Florida State Attorney Lawson Lamar announces charges Wednesday in the… (Orlando Sentinel )
ATLANTA -- A day after 13 people were charged with hazing crimes in connection with the death of a Florida A&M drum major, the parents of Robert Champion and their lawyer branded the charges as too slight, the investigation as less than thorough -- and they argued that the university had done too little to combat a culture of hazing.
They called on the university to dismantle its famous marching band.
"Initially, our theory was, 'Listen, don't stop the music, just stop the hazing,'" attorney Christopher Chestnut said in a news conference Thursday in downtown Atlanta, flanked by the parents, Pam Champion and Robert Champion Sr.
But now, Chestnut said, "We've got to stop it all. ... This is simply inexcusable.

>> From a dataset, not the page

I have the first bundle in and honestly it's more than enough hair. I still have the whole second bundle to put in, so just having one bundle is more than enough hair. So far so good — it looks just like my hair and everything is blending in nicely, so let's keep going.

We have got to eradicate this culture."
Champion, 26, died in November in Orlando, Fla., on a bus chartered for members of Florida A&M's vaunted marching band. A medical examiner's report has determined that he died as a result of a brutal beating he received during a hazing incident.

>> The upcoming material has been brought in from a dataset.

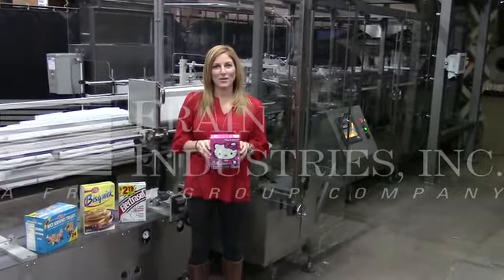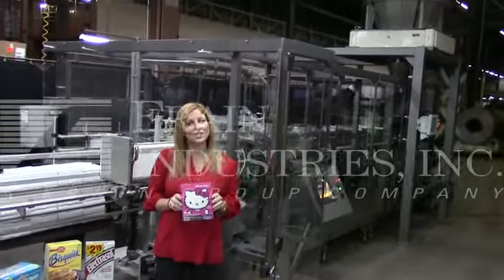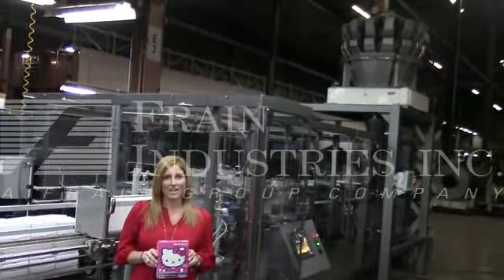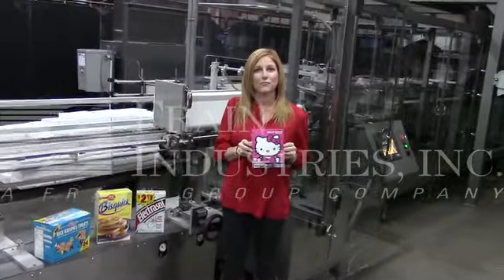Hi, I'm Katie with The Frame Room. Today we're cycling a Clybourn vertical cartoner with an attached sheet and combination seal. The unit can run a variety of cards, such as these, and it's currently set up for a 10-pack of free snacks.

Florida state attorney Lawson Lamar said Wednesday that the 11 of the 13 suspects would be charged with felony hazing, a crime that carries a six-year maximum sentence. The other two would be charged with misdemeanor hazing.

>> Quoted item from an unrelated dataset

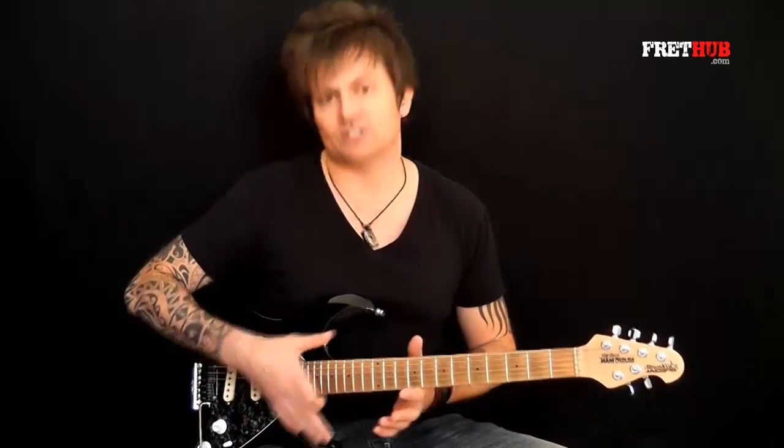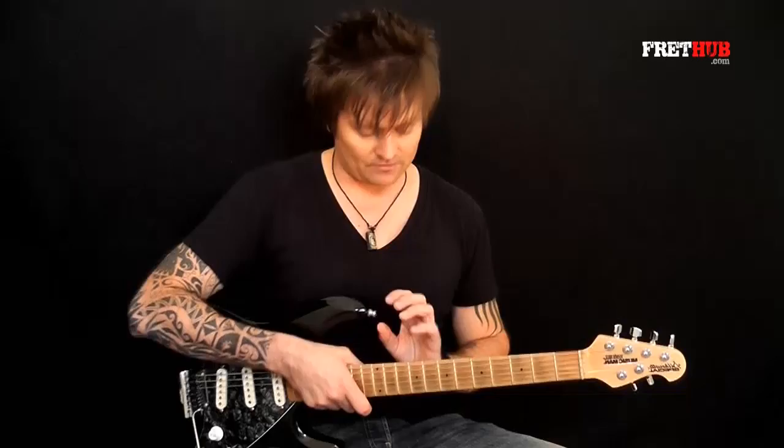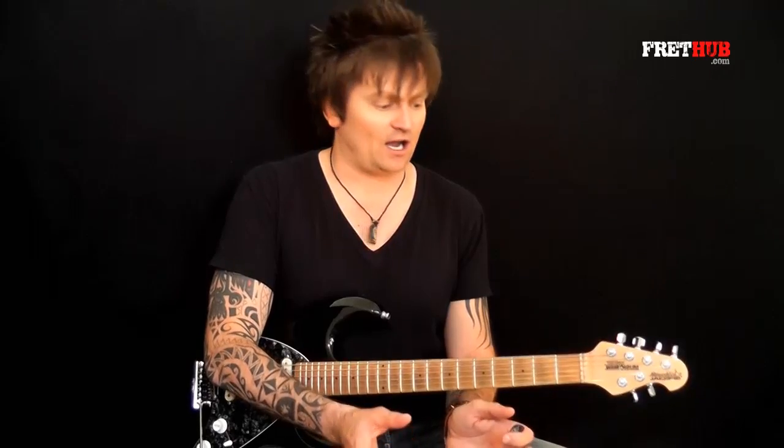So if there's anything you don't understand theory-wise, it will be covered in the Modes module or the Learn the Neck module. First of all, we're going to look at some more bluesy applications of the technique, then sweep arpeggios covering the top three strings, then some bigger sweeps covering five strings. Rather than break down the technique abstractly, let's just dive straight in. Let's get started with the first exercise.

University officials, meanwhile, have placed the band on "indefinite suspension."
Orange County Sheriff Jerry Demings, whose department handled the investigation, described it as an extensive one that included 48 interviews. On Thursday, however, Chestnut said that in the course of his own investigation -- part of a wrongful death civil suit he filed on behalf of the family -- his office collected numerous statements from students who said they were "coached" by alumni about what to say to criminal investigators.
Chestnut said there was also evidence that people on the bus the night Champion died were "caucusing on how to frame a story, such that basically those who were involved could get away with it."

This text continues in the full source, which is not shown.